Equity Under Strain: African Feminists Call for Gender-Inclusive Climate Finance

In the intricate landscape of the climate crisis, discussions on climate finance often appear as a touchy subject, yet the starkly unequal climate impacts faced by global south countries challenge this perception. Despite the urgency, the commitment made by developed countries in the 2015 Paris Climate Change Conference to provide $100 billion annually by 2020 remains unfulfilled.

While the funds are ostensibly available, the disbursement process is ensnared in a perpetual conundrum, entangled with controversies and political ideologies. Meanwhile, the repercussions for African women are glaring—devastating floods in Algeria, droughts in Ethiopia, Somalia, and Kenya, and an unsettling pattern of climatic challenges.

Against this backdrop, African feminists and climate justice activists express deep concern over the sluggish response from the global north, which continues to bolster its prosperity through the consumption of fossil fuels. Dr. Melania Chiponda, a prominent figure in climate and gender justice space and a key advisor at the African Women’s Development and Communications Network (FEMNET), emphasized the necessity for climate finance that confronts existing oppressive power relations.

According to Dr. Chiponda, the climate burdens borne by Africa are a result of human-induced impacts orchestrated by the global north. Recognizing the disproportionate effects on women and girls, she advocates for a gender-inclusive climate finance plan. Idongest Umo, a feminist and gender equality activist from Nigeria, underscores the historical context of colonialism and unequal power dynamics in global climate finance institutions, asserting the need for a gender-inclusive climate finance fund in Africa.

Highlighting gender disparities in decision-making processes related to climate finance, Umo advocates for inclusive participation and decision-making.

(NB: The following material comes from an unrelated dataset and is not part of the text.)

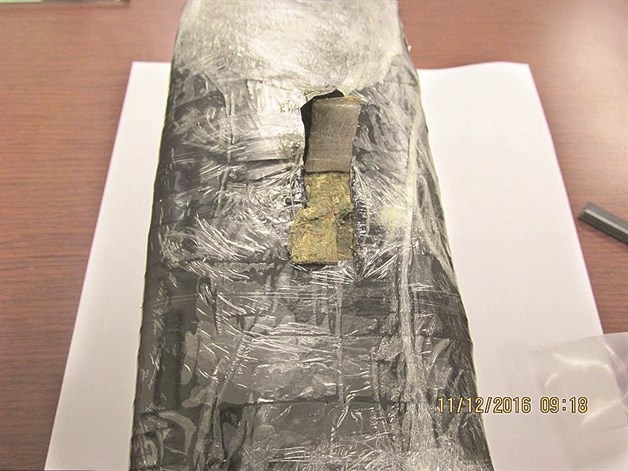 Aseguran droga y dinero en efectivo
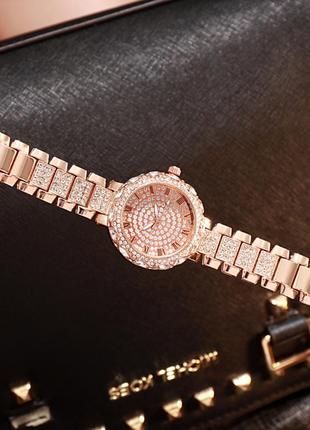 Жіночі популярні наручний годинник з камінням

Kayiboni, a young African feminist from Mozambique, echoes this sentiment, emphasizing the importance of inclusive processes in climate financing decisions.

A study on Climate Risk Management, Policy, and Governance projects staggering losses of approximately $290 billion to $580 billion annually for developing countries in the global south, reaching over $1 trillion by 2050. The urgency of disbursing climate finance to these nations becomes evident, allowing them to adapt and mitigate the impacts of a changing climate.

The Paris Agreement of 2015 reaffirms the obligation of developed countries to lead in mobilizing resources for climate finance. However, as preparations for COP28 unfold, the realization of this moral duty remains a perplexing political puzzle.